Gli autori hanno quindi fatto cinque conclusioni importanti.
- Gli atleti d’élite si specializzano più tardi nella loro carriera.
- Gli atleti di Near-Elite ottengono “traguardi” prima degli atleti d’élite (il riassunto è che gli atleti che diventano Near-Elite iniziano lo sport più giovani, si allenano prima e partecipano alla competizione internazionale 2 anni prima)
- Gli atleti d’élite entrano in competizione internazionale più vecchi (come sopra)
- Non c’è differenza nel tempo trascorso su altri sport (ricorda, 62 mesi contro 63 mesi durante il periodo di richiamo)
- “Non c’è ritardo nello sviluppo atletico che non possa essere ottenuto con una specializzazione tardiva”
Alcune conclusioni discutibili e ciò che lo studio REALMENTE mostra
Leggi di nuovo l’ultima conclusione, perché è forse la più importante del documento: “Non c’è ritardo nello sviluppo atletico che non possa essere ottenuto con una specializzazione tardiva“. In realtà si può non essere affatto d’accordo con questa conclusione.
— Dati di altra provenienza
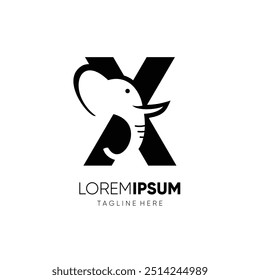 Letter X Elephant Logo Design Vector Icon Graphic Emblem Illustration Symbol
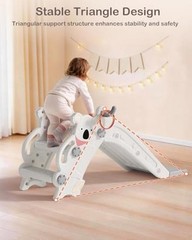Toddler Slide Indoor & Outdoor Playground, 4-in-1 Baby Slide with Cream & Gray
Il risultato principale dello studio è che il successo e le prestazioni in questi sport CGS NON sono determinati da quanto tempo viene dedicato all’addestramento da bambino, e che aumentare il volume di allenamento più tardi (dopo i 15) è più che in grado di recuperare per il tempo NON trascorso in allenamento quando ancora più giovane.
Per quanto riguarda il problema della specializzazione, questa è una conclusione non supportata dai risultati! Il tempo speso per altri sport è stato lo stesso – potrebbe aver seguito un modello diverso, ma questo non è stato segnalato. Tutto quello che sappiamo è che entrambi i gruppi hanno fatto circa 62 – 63 mesi di allenamento in altri sport durante questo periodo. La specializzazione, definita come messa a fuoco su uno sport, non ha nulla a che fare con le prestazioni finali, quindi. Si tratta più del tempo trascorso in epoche diverse, che della “traiettoria pratica” che ho mostrato nel grafico sopra.
Diciamo solo che questo studio è stato molto più incentrato sul tempo di allenamento nello sport scelto e rappresenta un buon caso per ritardare i volumi di allenamento fino a metà degli anni dell’adolescenza. In effetti, devi sostituire “specializzazione” con “volumi di alta formazione” e poi hai la vera scoperta dello studio!